Soya fasulyesi kotiledonlarını Agrobacterium rhizogenes ile enfekte etmek için, Agrobacterium rhizogenes PRI2659 plazmid dizisini kullanarak TI plazmid geni virD2'yi tespit etmek için primerler tasarlayın. Dönüşümü takiben, bir PCR kiti kullanarak virD2'nin PCR ile tutulması için Agrobacterium kolonilerini test edin. Hem virD2 hem de ilgili geni içeren Agrobacterium rhizogenes kolonilerini seçtikten sonra, bazı kolonileri, ilgilenilen plazmid için litre spektinomisin başına 100 miligram içeren LB plakalarına çizin.
Ertesi gün, bir P200 pipet ucu kullanarak, Agrobakterinin 1,5 santimetre uzunluğundaki bir uzunluğunu LB plakasından kazıyın ve bir mililitre fosfat tamponunda yeniden askıya alın. Yeniden askıya alınmış hücre süspansiyonunu ve sterilize edilmiş ultra saf suyu asetosiringonda seyreltin. 600 nanometre optik yoğunlukta bir küvet tüpü kullanarak absorbansı ölçün.
Daha sonra, bir biyogüvenlik kabininde, sterilize edilmiş bir neşteri Agrobacterium çözeltisine batırın ve kotiledonun iç yüzeyi boyunca bir milimetre derinliğinde bir kesim yapın. Altı ila sekiz kotiledonu, çimlenme ve asetosisingon ile yetiştirme ortamına doymuş filtre kağıdı içeren bir Petri kabına yan yana kesilmiş olarak yerleştirin. Plakaları 16 saatlik bir fotoğraf süresi altında üç gün boyunca oda sıcaklığında inkübe edin.
Üç gün sonra, enfekte kotiledonları tüylü kök büyümesine veya HRG plakalarına aktarın. Plakaları, 22 santigrat dereceye ayarlanmış büyüme odalarında ve 16 saatlik bir fotoğraf periyodunda 100 mikromol ışık yoğunluğunda, iki ila üç santimetre uzunluğunda ikincil köklere sahip birincil kökler gözlenene kadar inkübe edin.
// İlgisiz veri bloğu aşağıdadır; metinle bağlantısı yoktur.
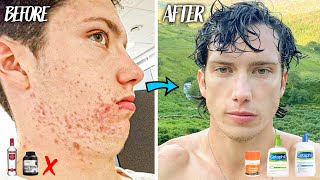 My ACNE Skincare Routine &amp; Diet for CLEAR Skin | How to STOP ACNE for 2023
Üç ila dört hafta sonra, nasırdan büyüyen ve steril bir neşter ve forseps kullanarak ikincil kökler içeren birincil kökleri hasat edin.
Kökleri uygun antibiyotikler içeren seçilmiş HRG plakalarına aktarın ve beş gün daha büyümelerine izin verin. Beşinci günde, üç ila altı santimetre uzunluğunda ikincil kökleri olan transgenik tüylü kökleri hasat edin. Floresan proteinleri gözlemliyorsanız, ikincil köklerin çok az otofloresansa sahip olduğundan emin olun.
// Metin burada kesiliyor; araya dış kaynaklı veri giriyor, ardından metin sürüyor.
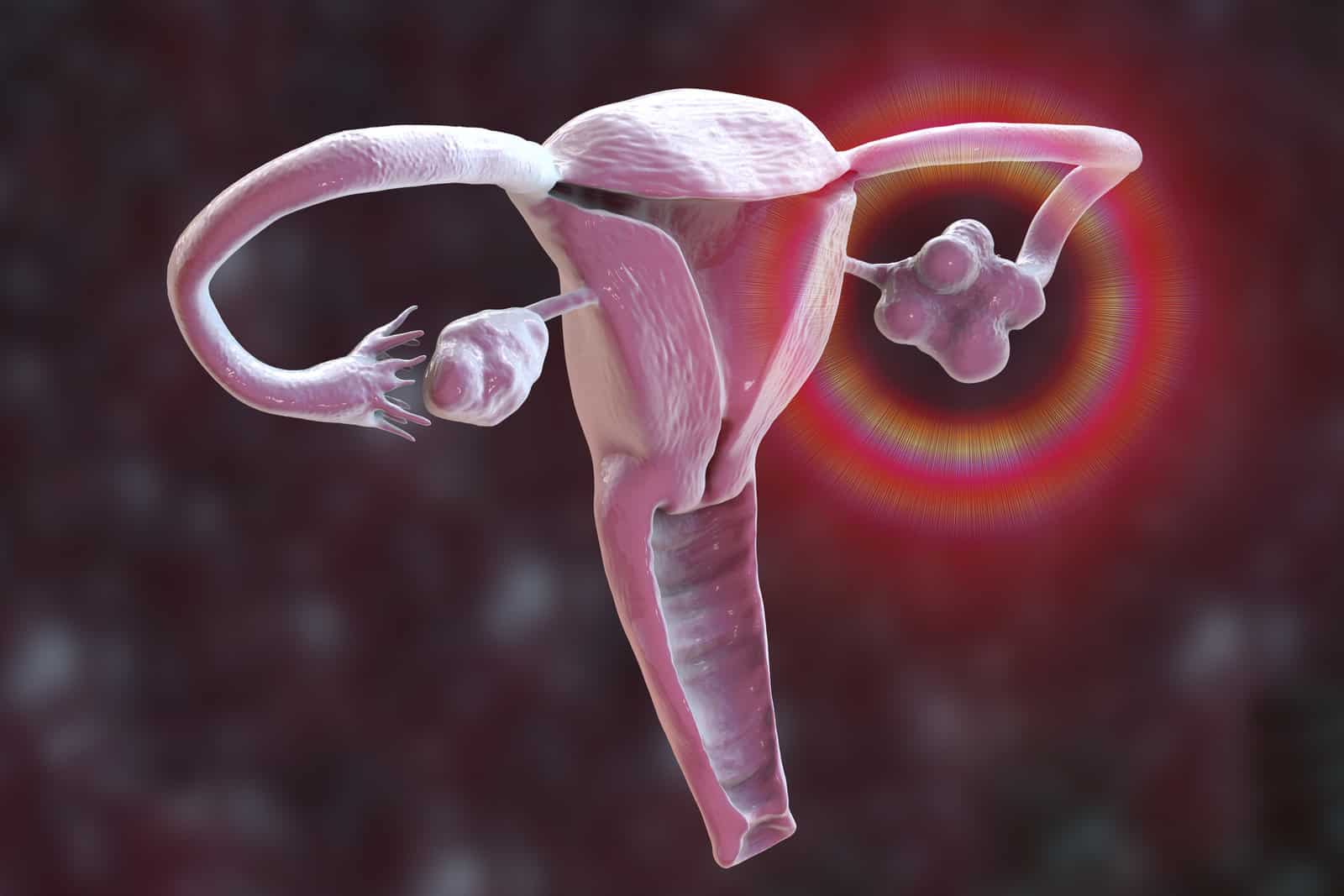 polycystic-ovary-syndrome-3d-illustration-showing-healthy-ovary-right-and-enlarged-ovary-with-cysts-left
Daha sonra, elicitor veya kimyasal işlemler yapmak için, ikincil kökleri bir santimetre parçalara ayırın ve bir yığın halinde HRG agar üzerine yaklaşık 100 miligram yerleştirin. Daha sonra yığını 80 mikrolitre uygun arıtma çözeltisi ile doyurun ve plakanın oda sıcaklığında inkübe etmesine izin verin. 24 saat sonra, RNA ekstraksiyonu için, kökleri sterilize edilmiş bir kağıt havlu üzerinde hızla kurutun ve doğrudan iki mililitrelik bir mikrosantrifüj tüpüne toplayın.
Hemen parafilm kullanarak tüpün üstünü kapatın ve sivri forseps kullanarak iki küçük delik açın. Transforme Agrobakterinin koloni PCR sonuçları gösterilmiştir. PCR'deki pozitif koloniler ilgilenilen geni gösterdi.
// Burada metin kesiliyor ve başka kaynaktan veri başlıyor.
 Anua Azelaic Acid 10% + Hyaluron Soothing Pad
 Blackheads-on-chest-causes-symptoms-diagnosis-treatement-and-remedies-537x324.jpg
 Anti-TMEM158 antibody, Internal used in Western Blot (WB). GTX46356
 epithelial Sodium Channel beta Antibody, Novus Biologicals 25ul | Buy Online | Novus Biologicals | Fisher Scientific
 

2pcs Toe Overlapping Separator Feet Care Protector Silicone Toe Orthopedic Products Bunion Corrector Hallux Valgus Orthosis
Bununla birlikte, kolonilerin üçte biri ila yarısı virD2 gen taraması için negatifti. Floresan mikroskopisi GFP-GmJAZ1-6'nın hücre altı lokalizasyonunu gösterir. Gen ekspresyon analizi, Williams 82 harry köklerinde gliseollin transkripsiyon faktörü GmHSF6-1'in aşırı ekspresyonunu ve GmMYB2912'nin RNAi susturulmasını doğruladı.